***** RECORDS FOR THE TASK *****

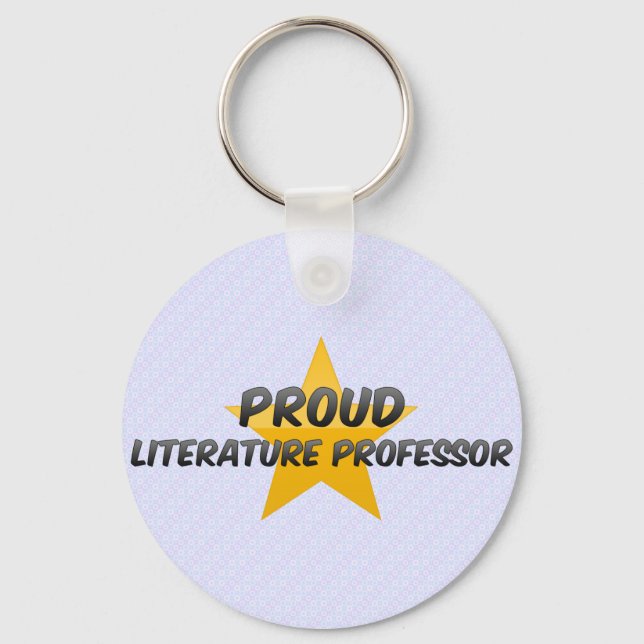 Llavero Profesor orgulloso de literatura (Anverso)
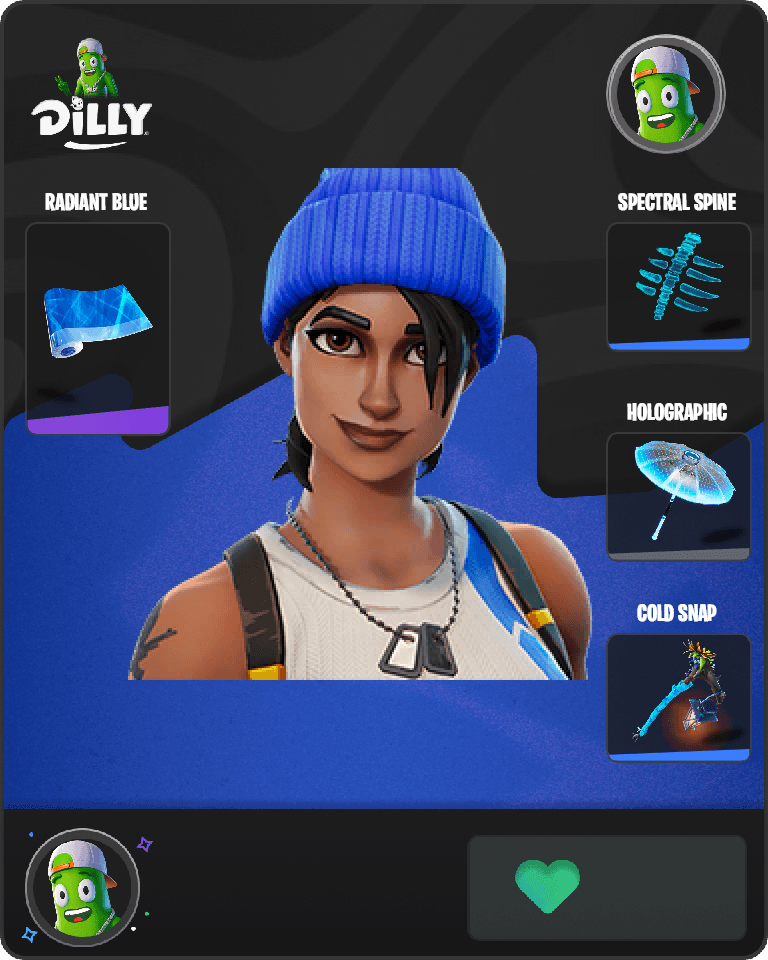 Blue Team Leader Fortnite combo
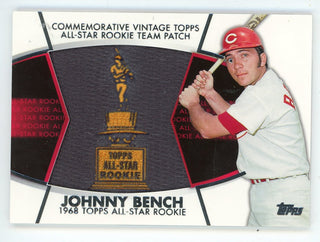 Johnny Bench Topps 1975 World Series Commemorative Patch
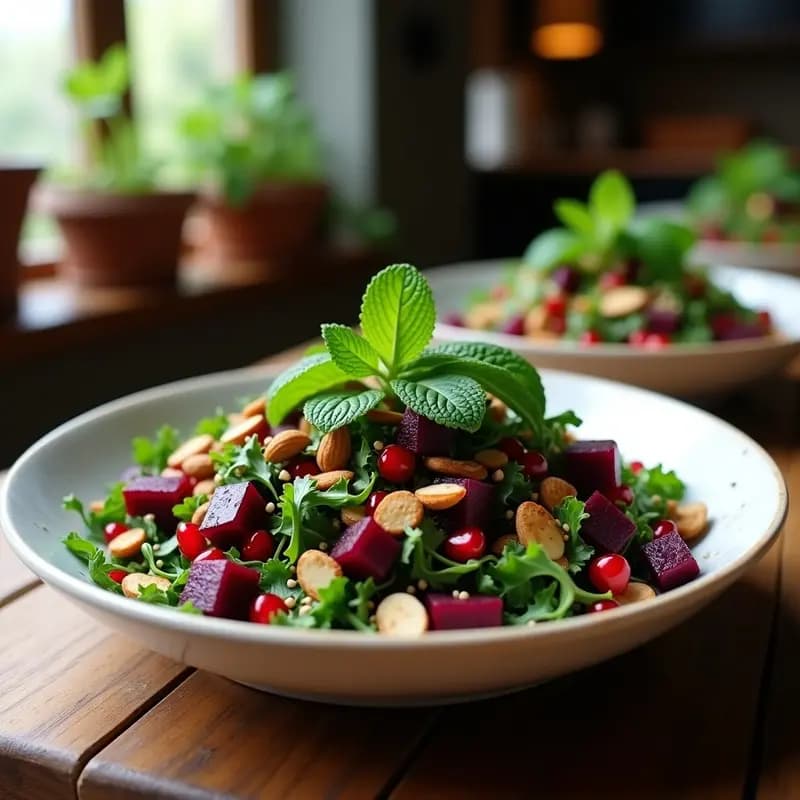 Ensalada de Tabulé con Remolacha y Granados: Receta Libanesa con Toque Moderno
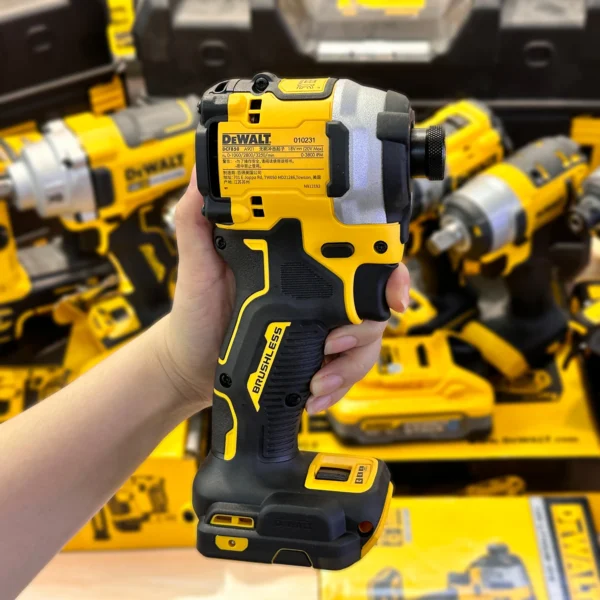 Dewalt DCF850N Cordless Impact Dirll 20V Brushless Motor 1/4-Inch Electric Screwdriver 205NM Wirless Rechargeable Power Tool 3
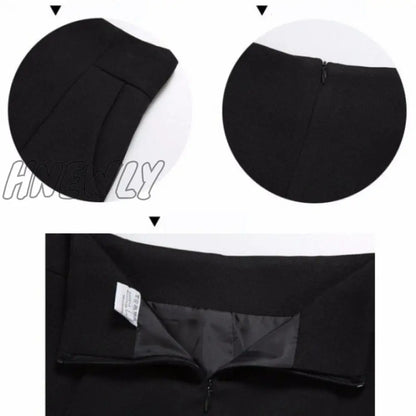 xsrrr Women Shorts Spring Summer Casual High Waist A-line Shorts Loose Wide Leg Chiffon Shorts Chic Lady Black White Suit Shorts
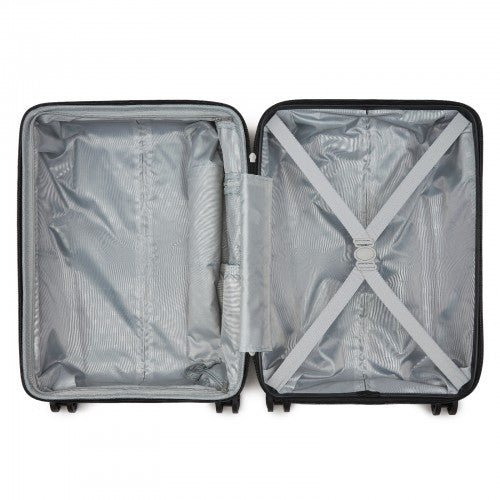 Kono KSK2595 20-inch navy and black suitcase – detail view 20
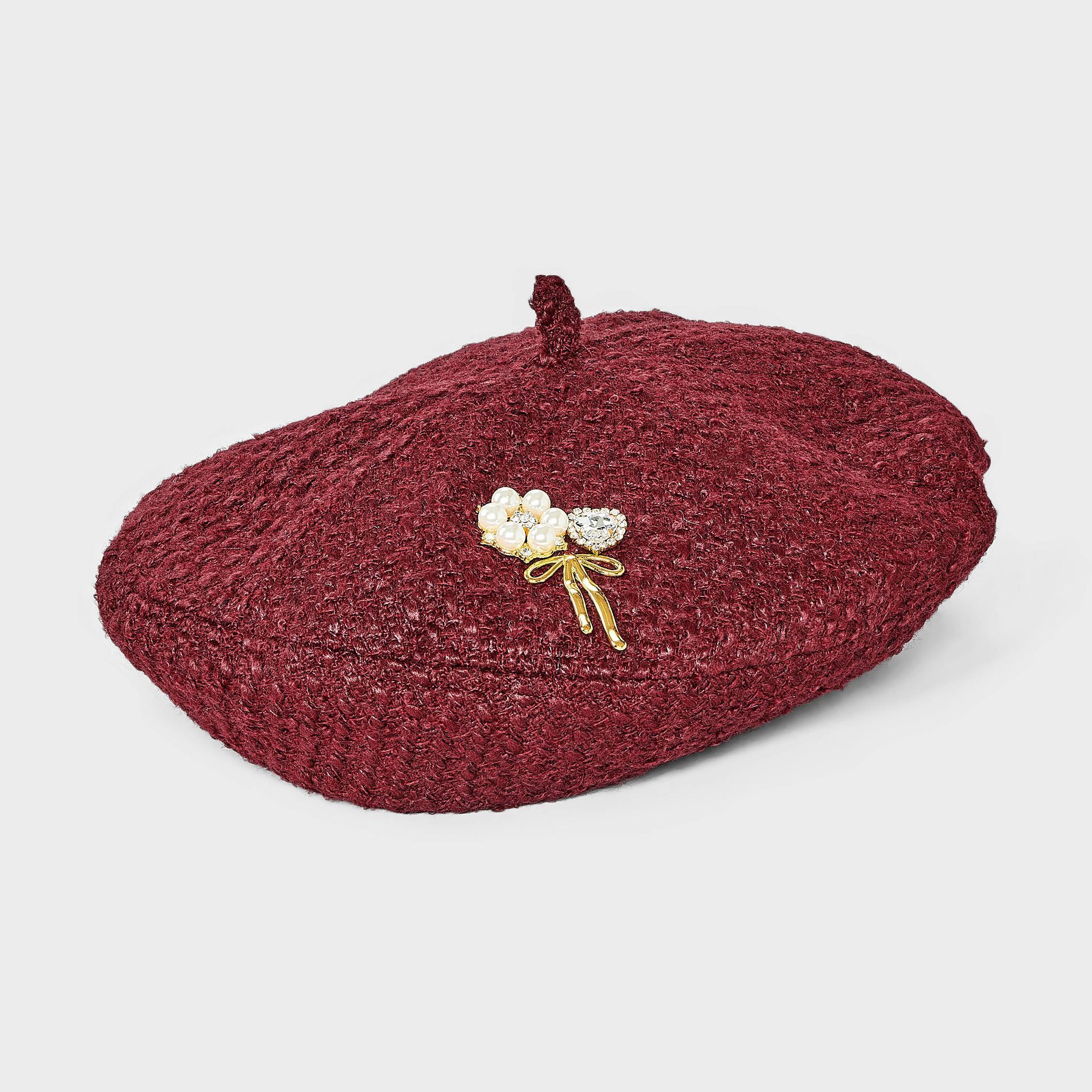 Pearl Embellished Beret Hat - A New Day™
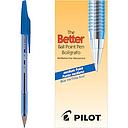 [PIL36711] Better Ball Point Stick Pen, Blue Ink, Medium, Dozen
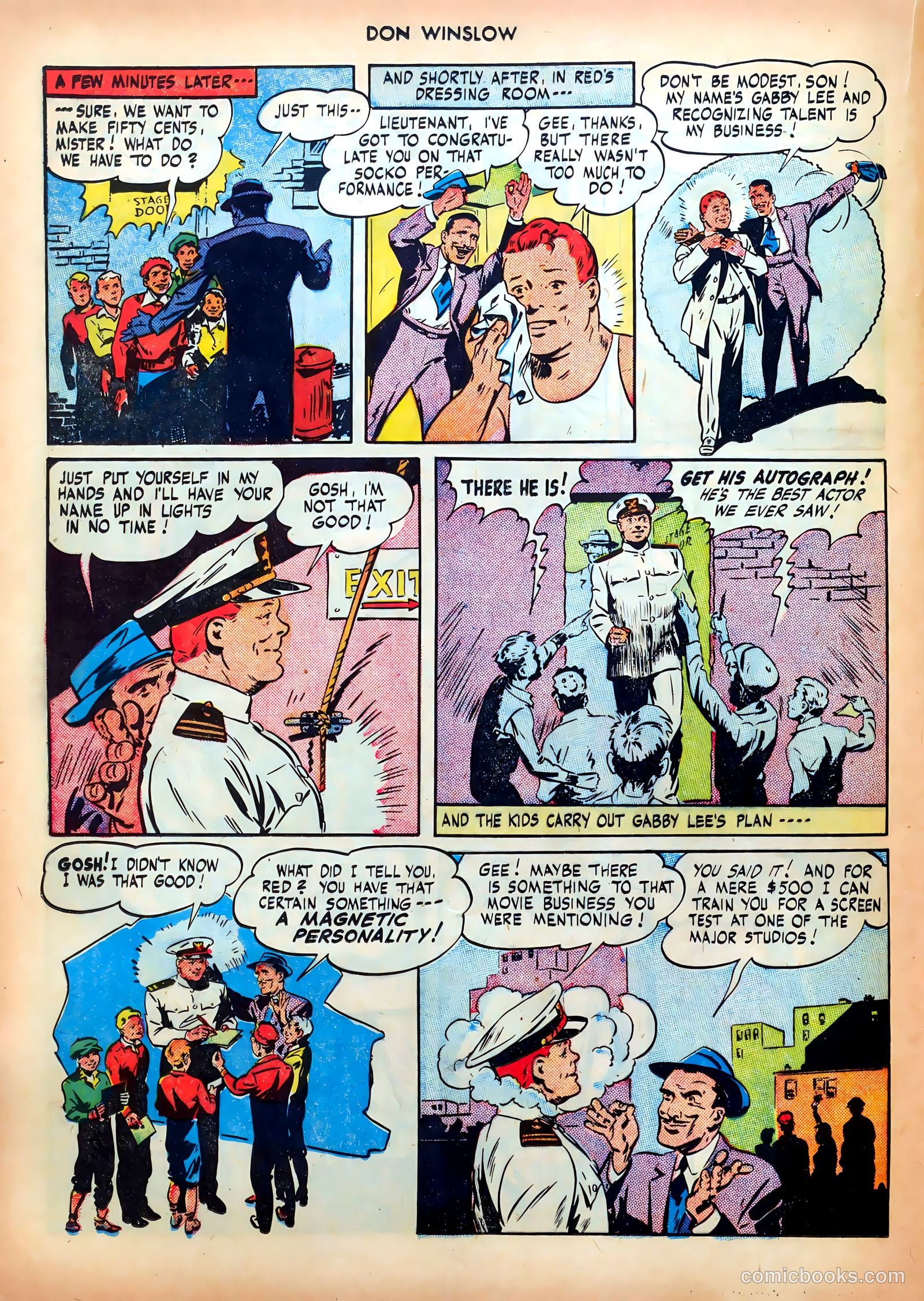 Don Winslow of the Navy #44 (1947) — page 28 of 52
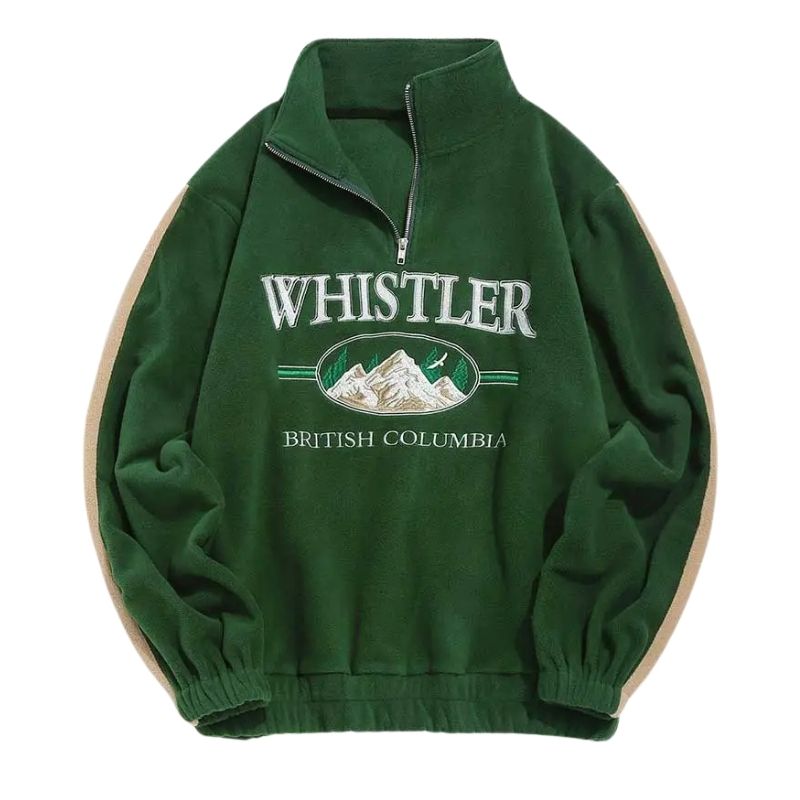 Retro whistler trui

*****

**ASSIGNED TASK:** Omit the pictures, then extract verbatim only those lines that fall between the line containing "Johnny Bench Topps" and the final line of the records above, both included.

**WRITTEN REPLY:**
 Johnny Bench Topps 1975 World Series Commemorative Patch
 Ensalada de Tabulé con Remolacha y Granados: Receta Libanesa con Toque Moderno
 Dewalt DCF850N Cordless Impact Dirll 20V Brushless Motor 1/4-Inch Electric Screwdriver 205NM Wirless Rechargeable Power Tool 3
 xsrrr Women Shorts Spring Summer Casual High Waist A-line Shorts Loose Wide Leg Chiffon Shorts Chic Lady Black White Suit Shorts
 Kono KSK2595 20-inch navy and black suitcase – detail view 20
 Pearl Embellished Beret Hat - A New Day™
 [PIL36711] Better Ball Point Stick Pen, Blue Ink, Medium, Dozen
 Don Winslow of the Navy #44 (1947) — page 28 of 52
 Retro whistler trui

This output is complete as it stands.